Two major flaws in the Mk 14—a penchant to run deeper than set and a sometimes obstinate refusal to explode—had been traced in part to the weapon's faulty depth-control mechanism and its overly complicated magnetic influence exploder. Through extensive testing Lockwood and his technicians traced the problems to flaws in the design of both the depth controller and exploder. This evidence proved conclusively that the torpedo problem lay not with incompetent submarine fire-control personnel, as BuOrd had claimed, but with BuOrd itself. In time, and with more testing, Lockwood would make the further discovery that the poorly designed firing pin used in the exploder mechanism was too flimsy to withstand a collision between a torpedo warhead and a ship's hull, as it sometimes caused the pin to bend out of shape and jam in its guideway before it could contact the primer to set it off. It took a lot of time and hard work to remedy these three interrelated problems, which plagued sub crews on and off until the end of the war. Lockwood the doer found himself fully engaged in SoWesPac submarine operations when things suddenly changed again.
 
 
On January 21, 1943, at
6:50 a.m., the
Philippine Clipper
, a four-engine Martin M-130 flying boat on loan from Pan American World Airways to the Navy, approached the coast of California near San Francisco after a routine thirteen-hour flight from Pearl Harbor. Aboard were ComSubPac Admiral English, three of his senior staff officers, six other Navy passengers, including a nurse, and a civilian crew of nine.

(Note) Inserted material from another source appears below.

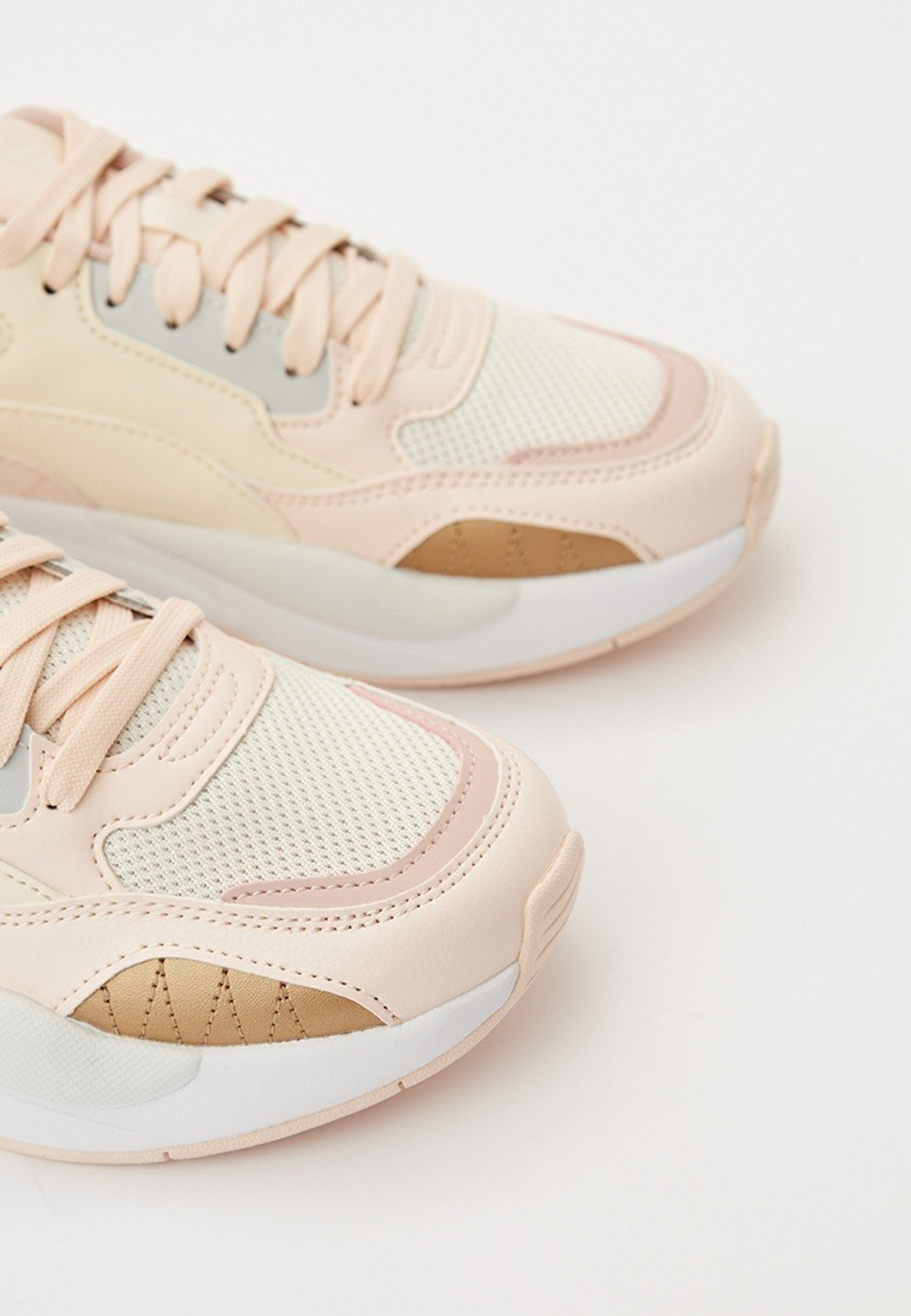 Кроссовки женские PUMA X-Ray 2 Square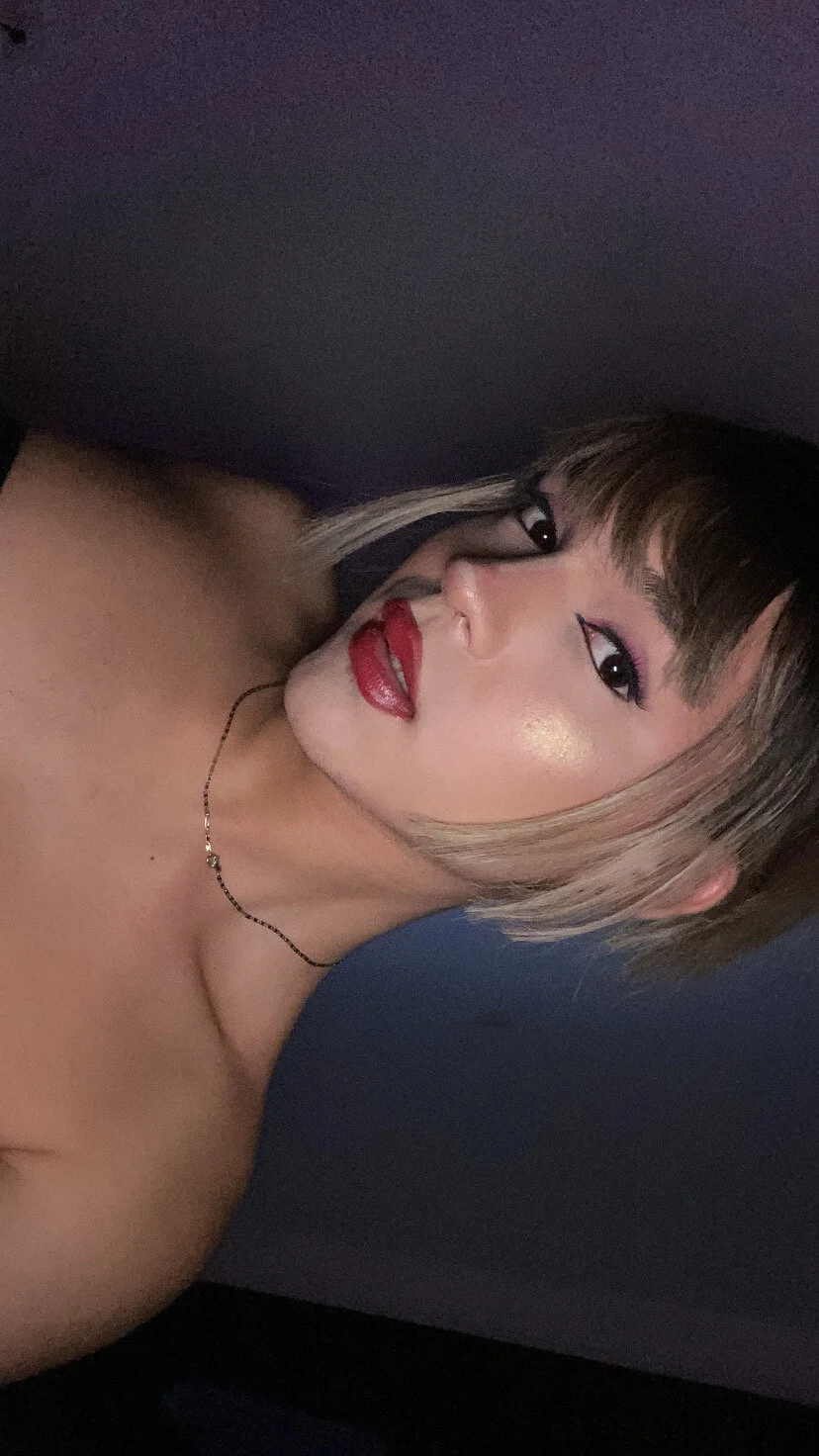 XXX Porn Photo of Nude SexIvon 68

The Pan Am base at Treasure Island in San Francisco Bay radioed the clipper to report heavy rain, fog, and high winds, and to advise that under such conditions it would not be possible for the plane to land before daylight and that it should divert to San Diego. At 7:15 the pilot radioed that they were on a course due west, back out over the Pacific. Seven minutes later he requested a navigation fix, after which the plane was not heard from again.

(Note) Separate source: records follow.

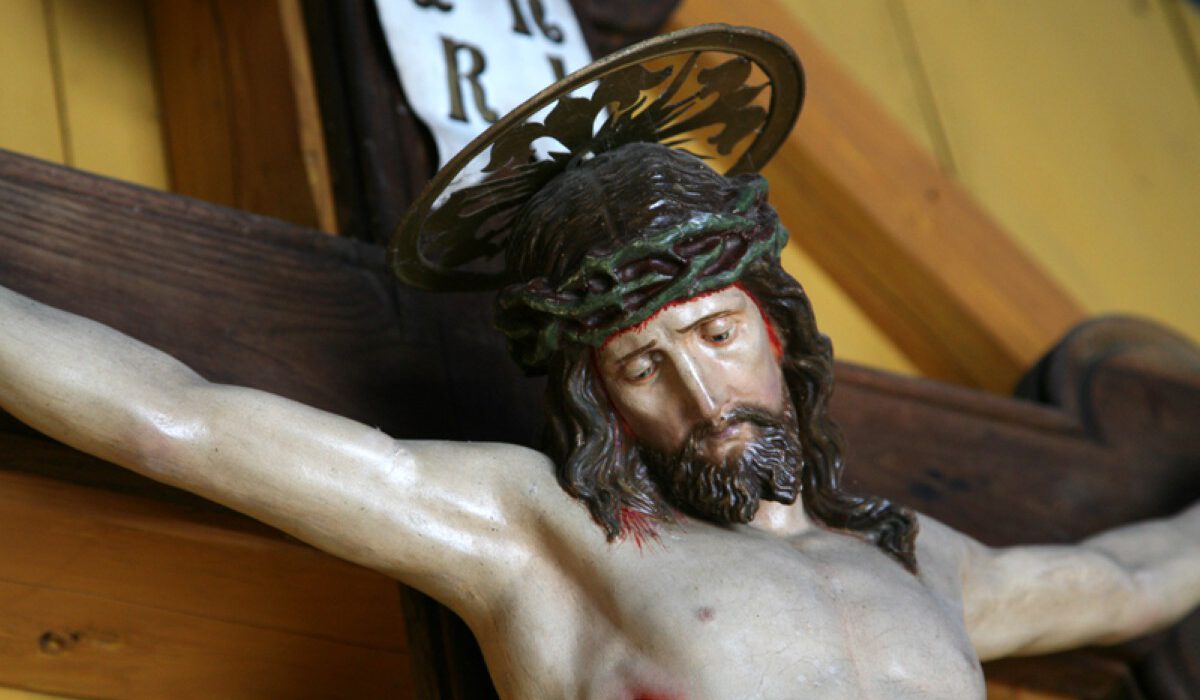 Kapelle aus Schwongau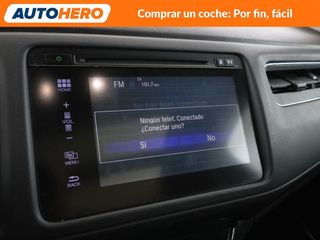 Honda HR-V 1.5 i-VTEC Executive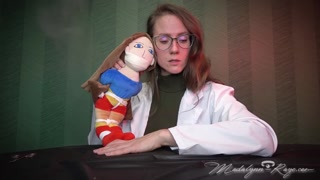 UltraGirl's Blind Test Experiment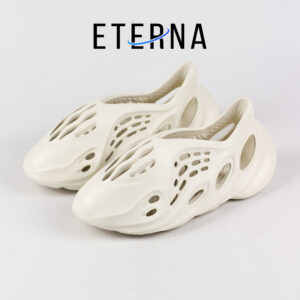 Sendal Adidas Yeezy Foam Runner Ararat Cream Slide Authentic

The clipper's disappearance remained a mystery until an air search team spotted its wreckage a week later in the Ukiah area near Boonville, California, ninety miles from San Francisco and twenty-two miles from the ocean. The big plane had come in low, shearing off treetops before it crashed into a mountain, killing all nineteen aboard. The bodies were found with the wreckage in a fire-blackened ravine. It took days and the cutting in of a road from the main highway through heavily forested terrain with bulldozers to remove the dead and to comb through the wreckage for any classified documents relating to submarine operations. The wreckage was later buried under tons of earth.
1
English had flown to California to inspect submarine support facilities at Hunters Point and Mare Island, after which he had planned to inspect those at Dutch Harbor, Alaska, and at Panama. The shock caused by his death, and the deaths of his staff of experts on submarine engineering and weapons, swept through sub command. Lockwood in Australia learned of it in a newspaper report, not through official channels. It threw the entire command structure into chaos and left a big hole at SubPac in Pearl Harbor.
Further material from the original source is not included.